> Stored data:

---

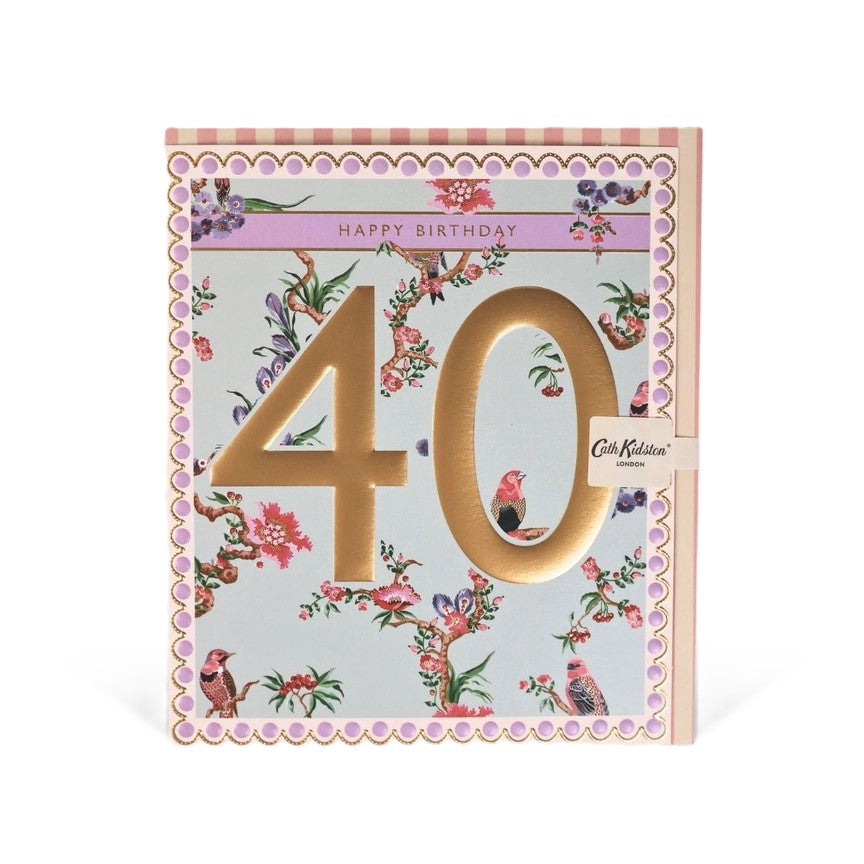 40th Birthday Cath Kidston Card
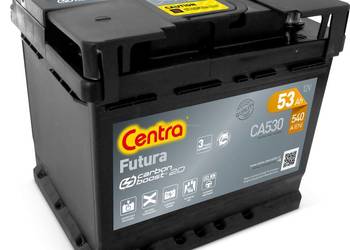 Akumulator 53Ah 540A Centra FUTURA  PRAWY PLUS
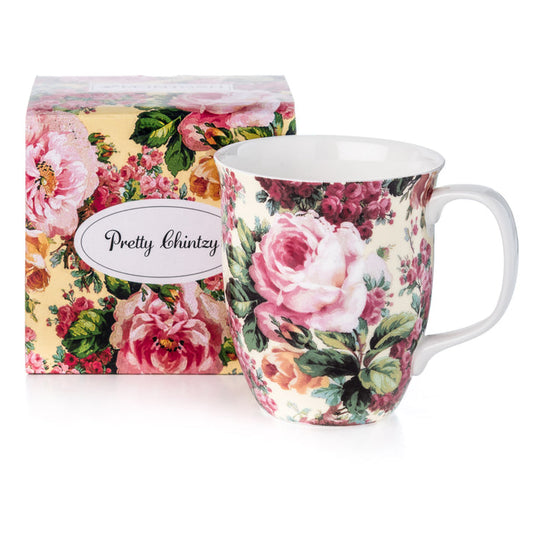 McIntosh Java Mug - Pretty Chintzy - Rose Bouquet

---

Print the listing exactly, images excluded.

> Result below:
 40th Birthday Cath Kidston Card
 Akumulator 53Ah 540A Centra FUTURA  PRAWY PLUS
 McIntosh Java Mug - Pretty Chintzy - Rose Bouquet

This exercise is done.